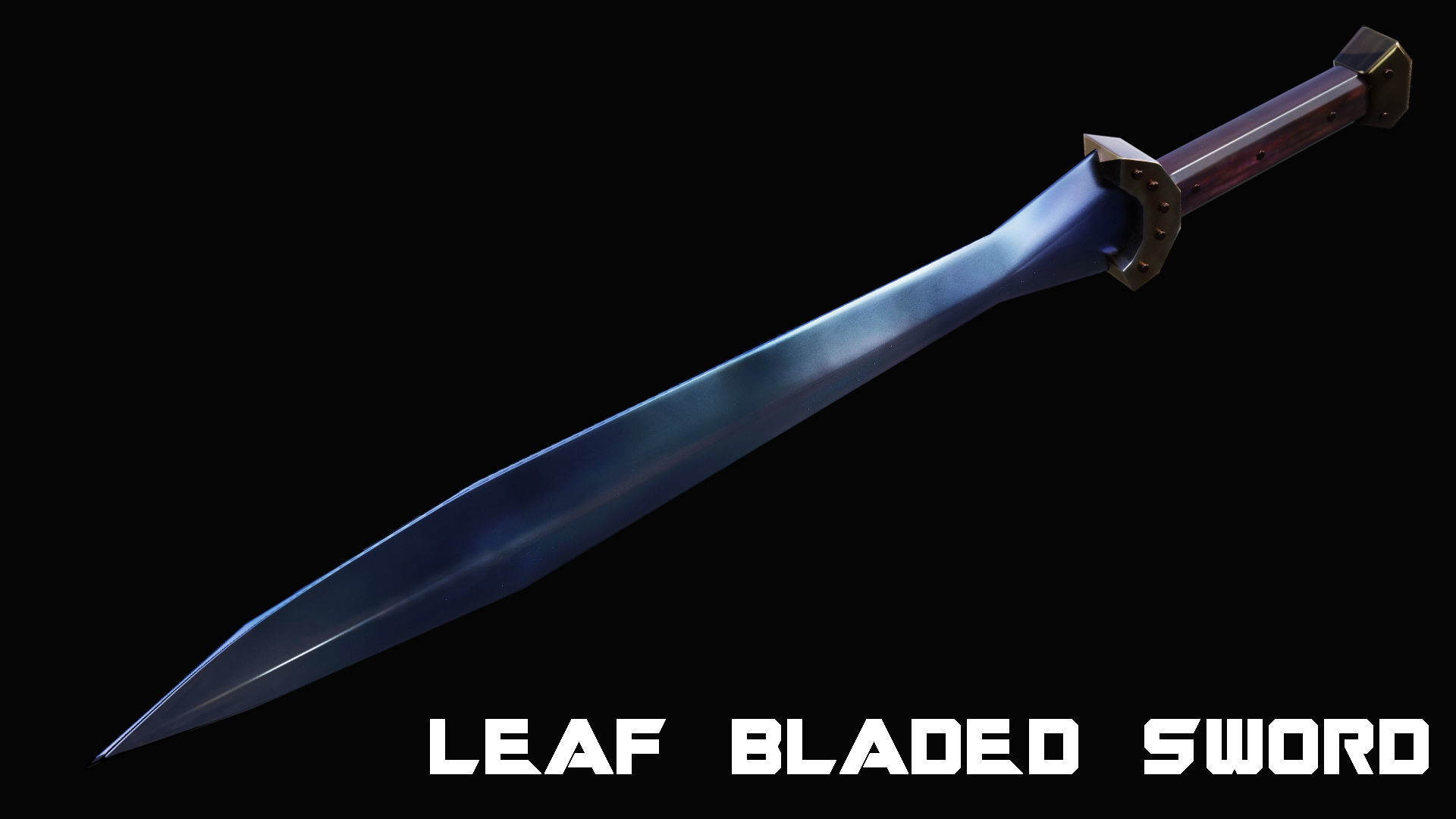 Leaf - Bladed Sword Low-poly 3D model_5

------------------------

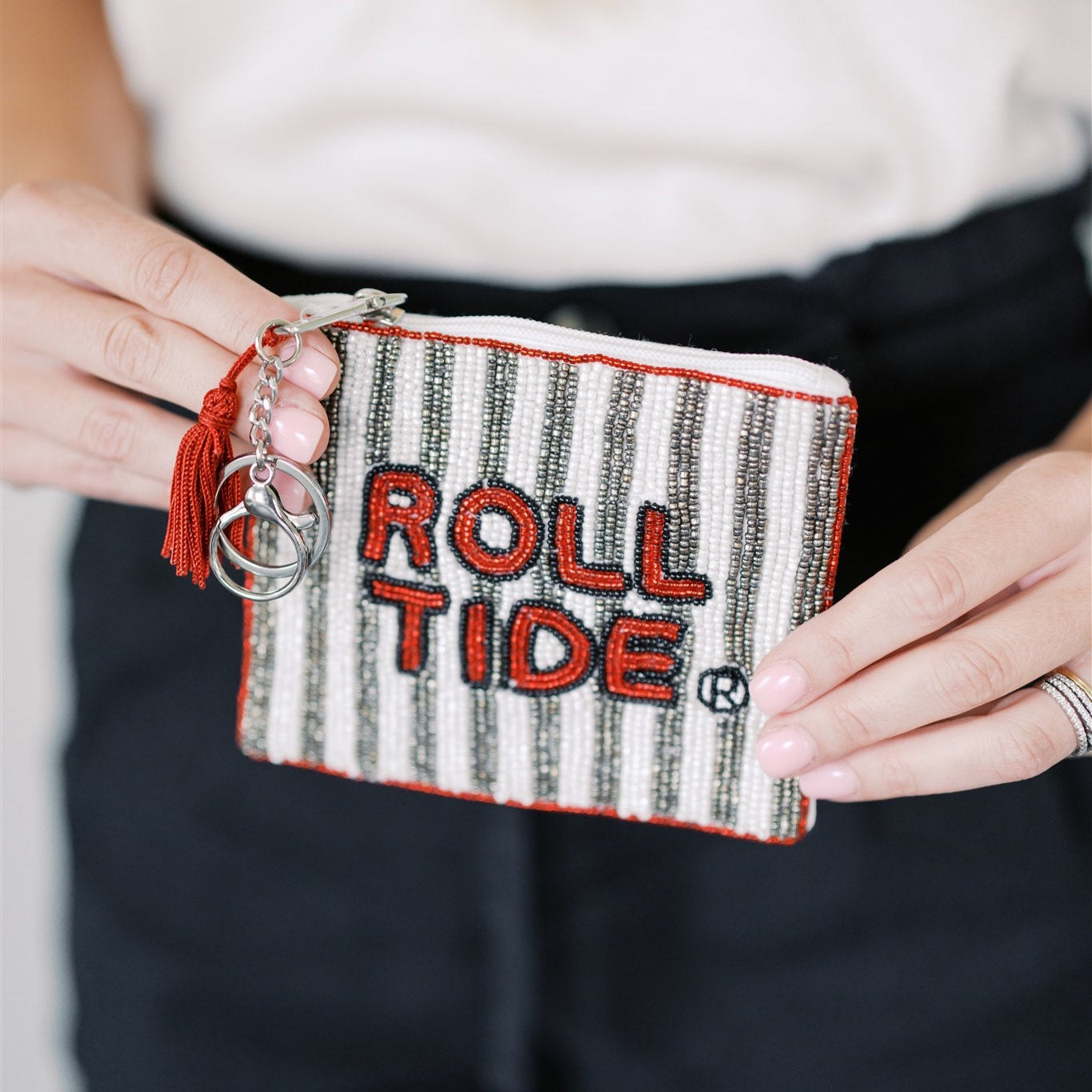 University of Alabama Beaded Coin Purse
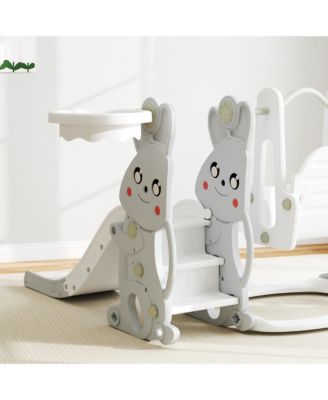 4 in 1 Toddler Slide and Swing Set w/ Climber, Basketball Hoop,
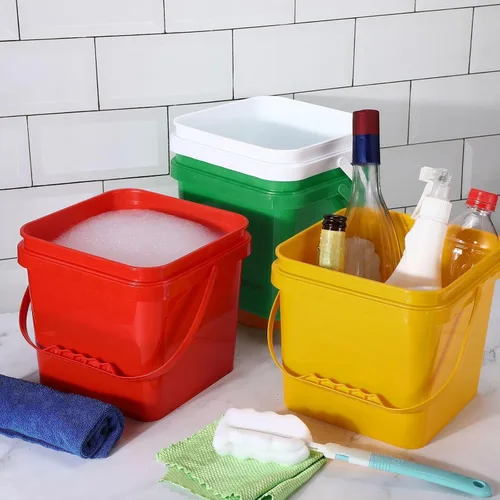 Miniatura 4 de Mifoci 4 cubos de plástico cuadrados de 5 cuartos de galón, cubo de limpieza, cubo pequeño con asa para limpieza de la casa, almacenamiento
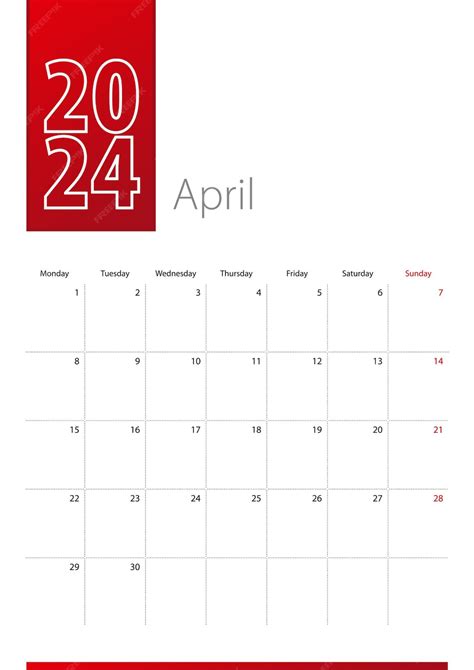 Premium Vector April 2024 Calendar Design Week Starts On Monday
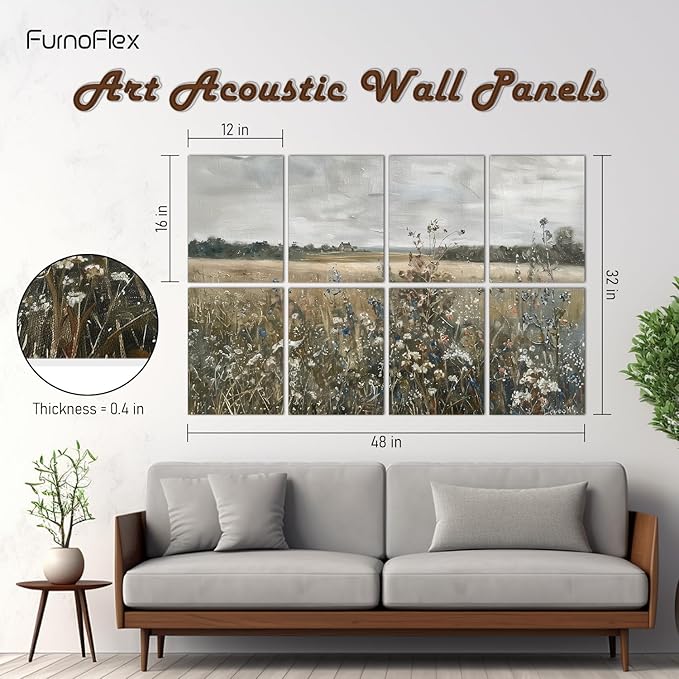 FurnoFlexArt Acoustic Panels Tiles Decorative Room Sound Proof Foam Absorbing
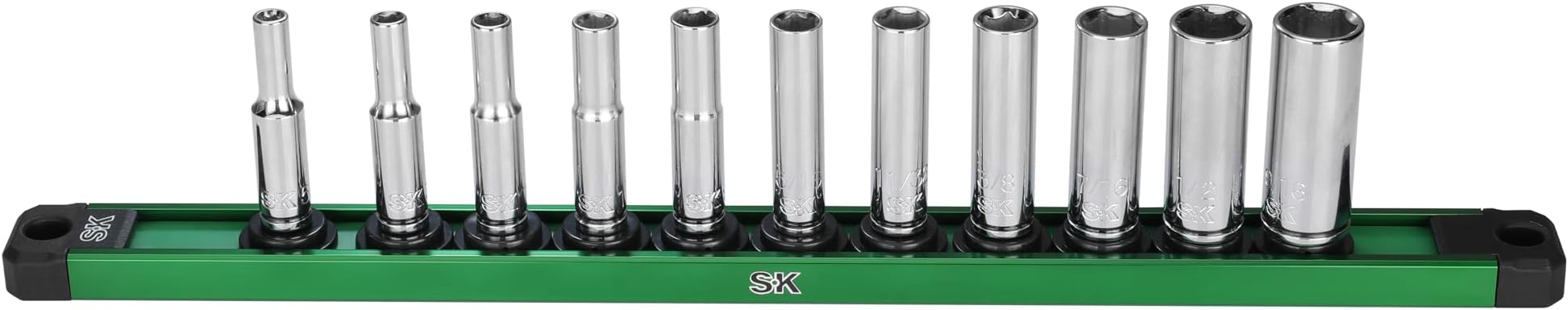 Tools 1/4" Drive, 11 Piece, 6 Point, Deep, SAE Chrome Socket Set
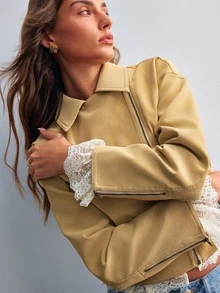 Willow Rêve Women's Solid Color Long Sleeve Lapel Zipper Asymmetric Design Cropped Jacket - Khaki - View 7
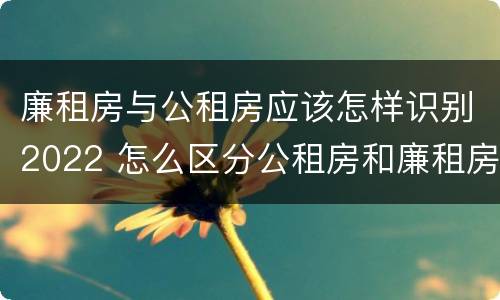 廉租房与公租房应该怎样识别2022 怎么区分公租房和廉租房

------------------------

§ Task instructions
Using the material above, transcribe exactly the lines from the one holding "Miniatura 4 de" to the one holding "廉租房与公租房应该怎样识别2022 怎么区分公租房和廉租房", both ends kept. Do not carry over any pictures.

§ Solution to the exercise
 Miniatura 4 de Mifoci 4 cubos de plástico cuadrados de 5 cuartos de galón, cubo de limpieza, cubo pequeño con asa para limpieza de la casa, almacenamiento
 Premium Vector April 2024 Calendar Design Week Starts On Monday
 FurnoFlexArt Acoustic Panels Tiles Decorative Room Sound Proof Foam Absorbing
 Tools 1/4" Drive, 11 Piece, 6 Point, Deep, SAE Chrome Socket Set
 Willow Rêve Women's Solid Color Long Sleeve Lapel Zipper Asymmetric Design Cropped Jacket - Khaki - View 7
 廉租房与公租房应该怎样识别2022 怎么区分公租房和廉租房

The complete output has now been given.